Kaufman, 23, won her May 15 fight against Meisha Tate and was invited back for a bout on June 16 with the promotion in Washington, where she was awarded a unanimous decision over Shayna Baszler after 15 minutes.

She said the extra six minutes are crucial to any fighter -- male or female.

“Every second counts when you’re only doing three minutes,” said Kaufman. “You get caught up against the cage for 45 seconds, and that’s a third of the fight already done. It doesn’t give the fighters a chance to continually work on something that they’re trying to go for.”

Kaufman said that when specific promotions request three-minute rounds, it sends out the wrong message.

“From that point, it’s looking more like you’re trying to push forward a particular fighter or a particular style, as opposed to promoting all females that put on good fights,” she said. “I really think that there was no reason for it. The five-minute rounds is what MMA is. It seemed like we were stepping back.”

Carano said women’s MMA parallels the sport’s journey for acceptance, as “MMA had to prove themselves coming up behind boxing.”

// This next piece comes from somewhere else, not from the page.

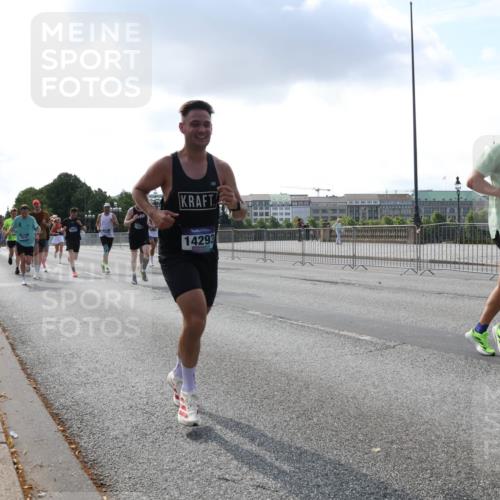 29.06.2025 - hella hamburg halbmarathon Lena Gebhardt http://msf.ph/oto/8287900 29.06.2025 09:46:07 Lombardsbrücke 14293, 3809, 1080, 1686, 1707, 1894, 2460, 2525, 3809, 3843, 3955, 4463, 4812, 5042, 5187, 5550, 6169, 6495, 6878, 7055, 7186, 7534, 7845, 7880, 7901, 7965, 8062, 8190, 8864, 8956, 9345, 10270, 10453, 10484, 10865, 10876, 11120, 11199, 11282, 11833, 12189, 12232, 12308, 12681, 13066, 13167, 13252, 13343, 13617, 13686, 13754, 14167, 14276, 14293, 15115, 15391, 15689, 16507, 16580, 16931, 17213, 17768 meine-sportfotos.de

“I shy away from the whole discrimination thing, just because I feel things needs to progress and we should be thankful but at the same time try and push for those five-minute rounds,” said Carano. “It’s baby steps. I’m one for closing my mouth and working hard. We’ve been ready to fight five-minute rounds and we have been fighting five-minute rounds, but it just takes people a little while to catch up. You have to wait for the other people to get used to the idea of what you’re doing.”

And as some in the fight community come to grips with the fact that women’s MMA isn’t going anywhere, where does that leave female fighters in California past Aug. 15?

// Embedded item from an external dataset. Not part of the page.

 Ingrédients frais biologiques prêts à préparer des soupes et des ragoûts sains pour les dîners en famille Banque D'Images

“[Women’s bouts] will be determined on a case-by-case basis, as it is being handled to this day for men's bouts,” wrote Douglas. “Experience and skill level are the primary factors for evaluating the bout's time limits per round.”

Strikeforce’s Coker said his organization will make the case for five-minute rounds, if necessary, in every state it visits.

“When we go to a state, unless it’s against the law,” he said, “we’re going to do five-minute rounds.”